Recorded information:
=== Begin Enclosure ===

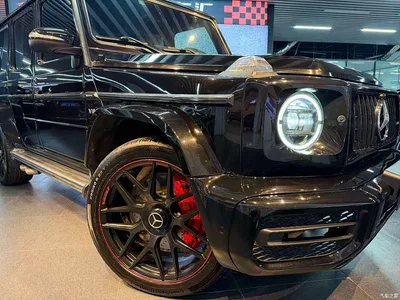 2017 Mercedes-Benz G-Class G 500, фото 4, лот 10297918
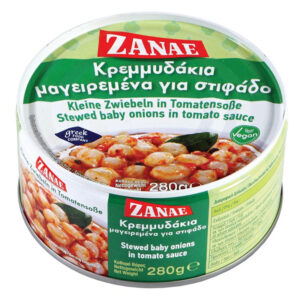Ζαναέ Στιφάδο 280gr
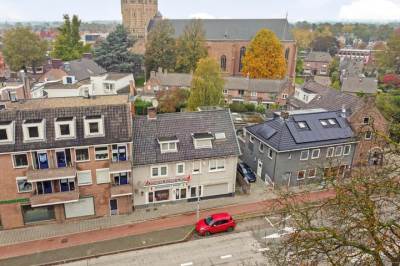 Woning Rijksweg-Noord 13 Elst (GE)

=== End Enclosure ===

When a line carries an image, skip the image and repeat everything else above exactly as written.

Task result:
 2017 Mercedes-Benz G-Class G 500, фото 4, лот 10297918
Ζαναέ Στιφάδο 280gr
 Woning Rijksweg-Noord 13 Elst (GE)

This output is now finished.